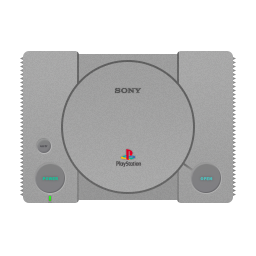 Ps 1 deals fat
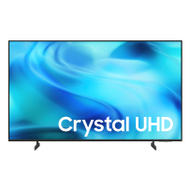 Televizor LED SAMSUNG UE55U8072HUXXH, 55", 4K UHD, i zi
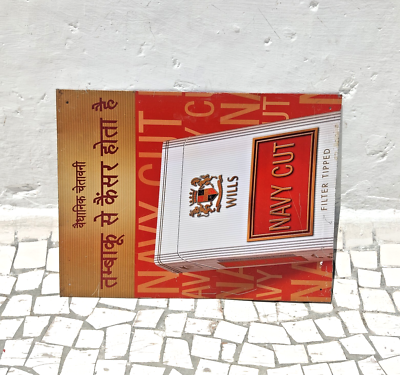 flavoured cigarettes Menthol and Flavored Tobacco Products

++++++++

**Exercise goal:**
Restate the whole listing above exactly, please, omitting every image.

**Exercise result:**
 Ps 1 deals fat
 Televizor LED SAMSUNG UE55U8072HUXXH, 55", 4K UHD, i zi
 flavoured cigarettes Menthol and Flavored Tobacco Products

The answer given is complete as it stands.